A Tea Party Anniversary To Remember
I mean really, how totally and perfectly appropriate that on the anniversary of the Boston Tea Party, tax-and-spender Majority Leader Harry Reid was forced late Thursday night to kill his pork-laden, $1.2 trillion omnibus spending bill on the floor of the Senate.
An added bonus: along with nearly $8 billion worth of earmarks tucked into the now dead atrocity of a bill, it also included continued funding for Obamacare.
Reid professed that he had nine Republican senators tell him earlier Thursday that while they would’ve liked to seen the spending bill approved, they could not vote for it. Hmmmm. Wonder why?
Message delivered Nov. 2. Message received Dec. 16.
The quote Thursday from Sen. John McCain: “I know this is a seminal moment, because for the first time since I’ve been here, we stood up and said ‘enough.’”
This from CNN:
Reid, D-Nevada, accused Republicans of withdrawing previously pledged support for the bill, and said he would work with the Senate Republican leader to draft a short-term spending measure that would keep the government running beyond Saturday, when the current spending authorization resolution expires.
“A number of Republican senators told me they’d like to see this pass, but they can’t support it,” Reid said, adding that nine GOP senators who previously told him they backed the bill had changed their stance.
The shift announced by Reid culminated a Republican effort to kill the spending bill and likely put off major spending decisions for the rest of fiscal year 2011 until a more conservative Congress convenes in January.
While the Senate saw the omnibus porker go down in flames, the House late Thursday night gave final approval to a much-wrangled tax deal. This from The Washington Post:
The package, brokered by President Obama and Republican leaders in the wake of the November elections, angered many Democrats, who have long argued that the Bush tax cuts were skewed to benefit the wealthy. But their last-minute campaign to scale back the bill’s benefits for taxpayers at the highest income levels failed, and the House passed the measure 277 to 148, with 112 Democrats and 36 Republicans voting “no.”
…
The $858 billion package now goes to the White House. With his signature, expected as soon as Friday, Obama will prevent taxes from rising on New Year’s Day for virtually every American household. The measure also will guarantee unemployed workers in hard-hit states up to 99 weeks of jobless benefits through the end of next year.

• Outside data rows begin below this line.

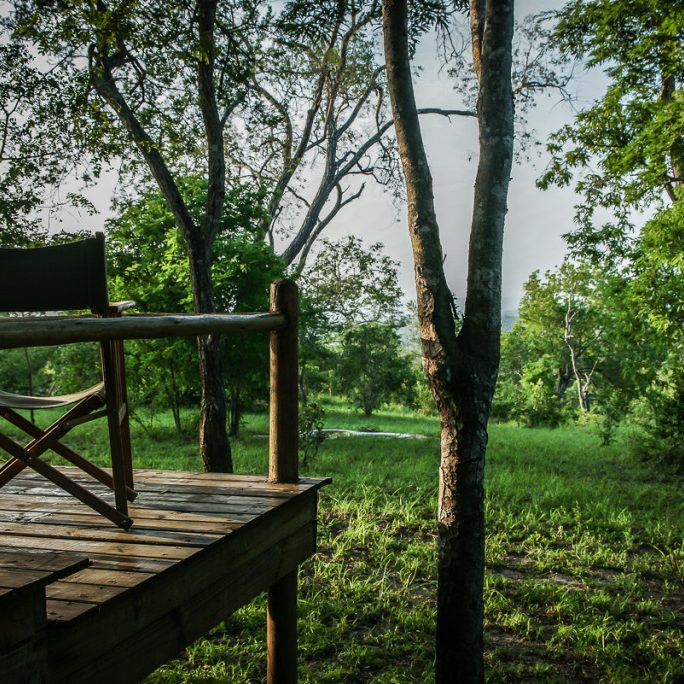 Miseni Retreat Safari Tent view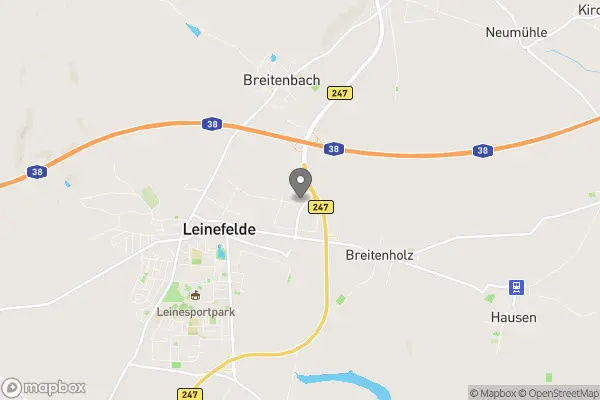 Map of Ladenbau Freud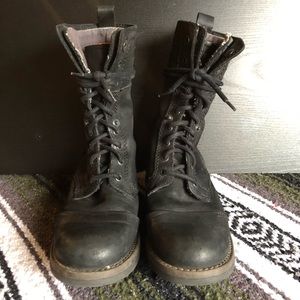 Superdry Standard Union Panner Boots 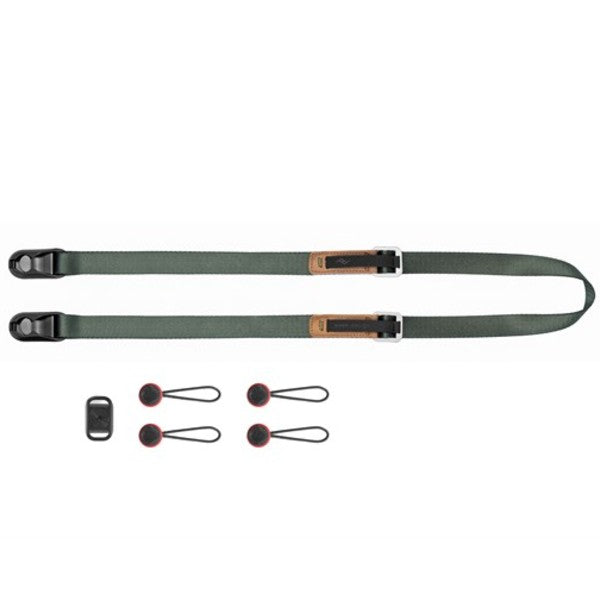 Peak Design Leash - sage Kameragurt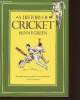 A history of Cricket. Green Benny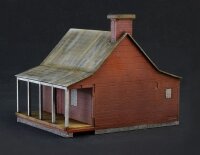 Farmhouse Battle - American Civil War 1864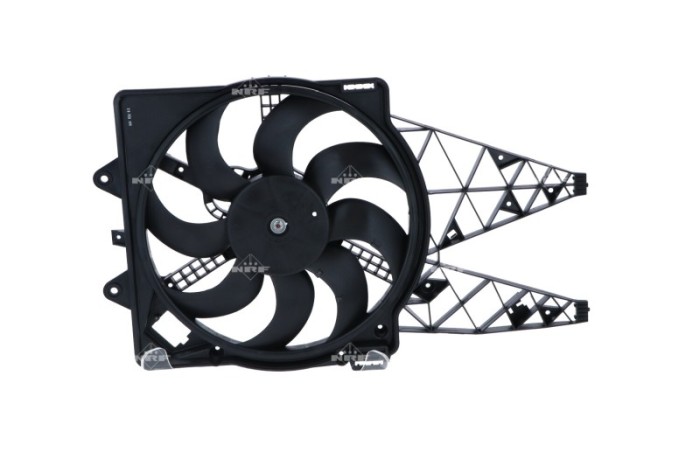 NRF 47890 Ventilator, radiator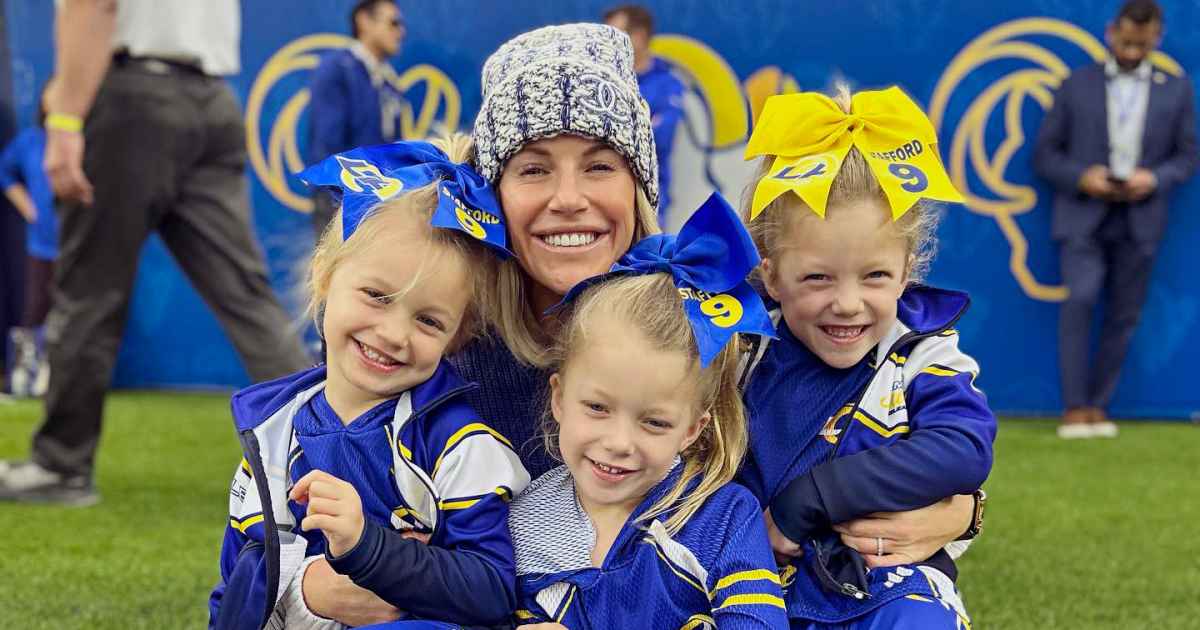 Kelly Stafford Rented Buses to Get Rams Fans to Arizona for Playoffs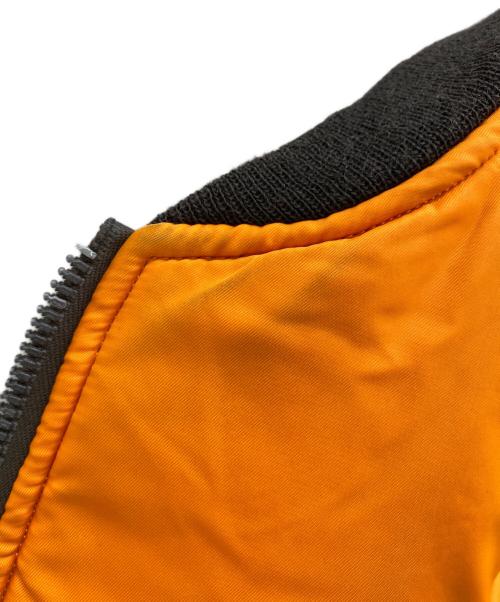 UNUSED（アンユーズド）UNUSED (アンユーズド) ジャケット ブラック×オレンジ サイズ:2の古着・服飾アイテム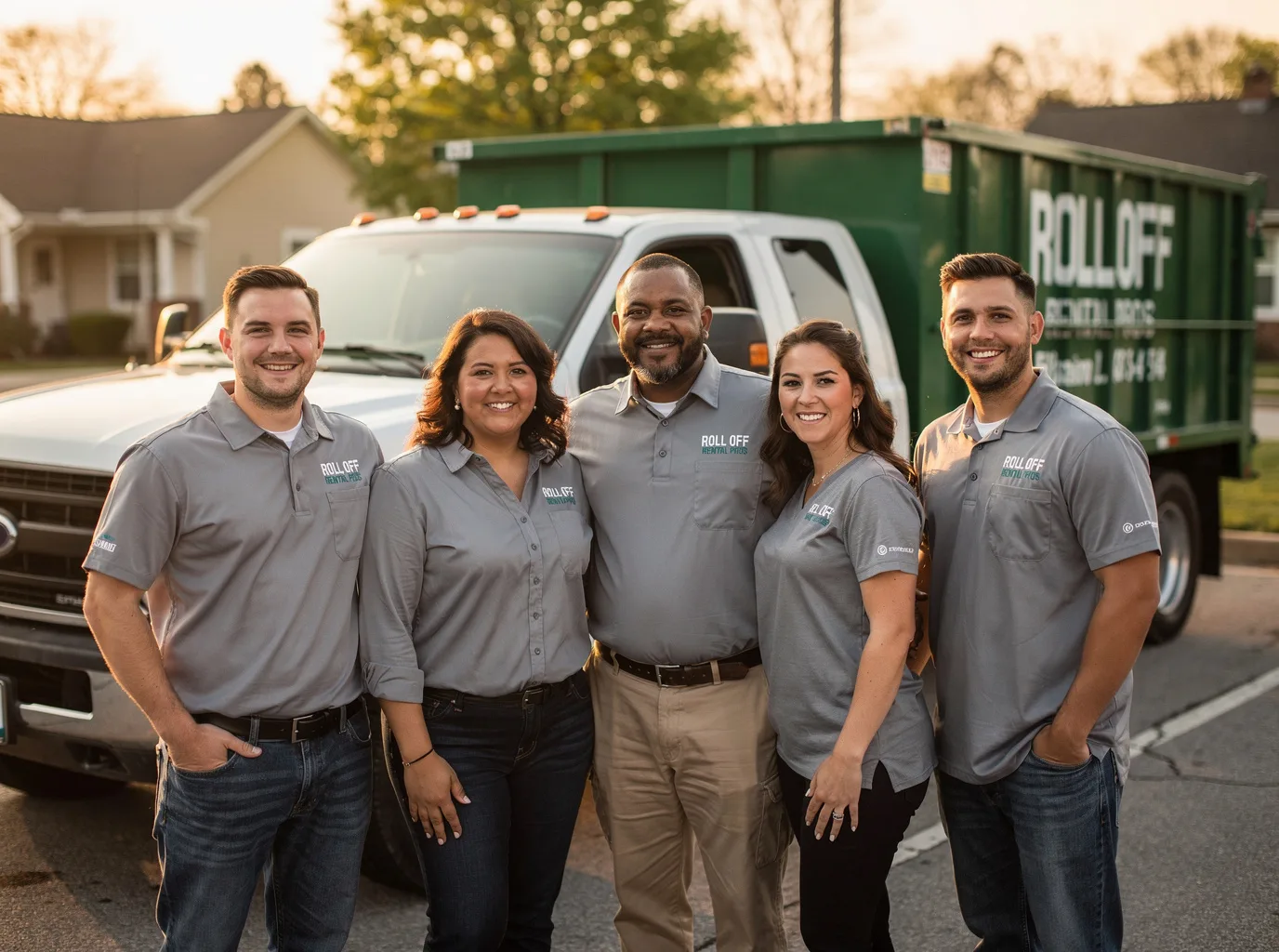 Roll Off Dumpster Rental company in Meridian, NY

And it will create major new incentives for business and consumer spending in 2011, including a two-percentage-point reduction in the Social Security payroll tax that would let workers keep as much as $2,136.
While not a total victory – the so-called tax compromise adds enough red to the balance sheet to be considered Stimulus Redux – why ruin the moment.
All in all, not a bad day to celebrate a Tea Party Anniversary.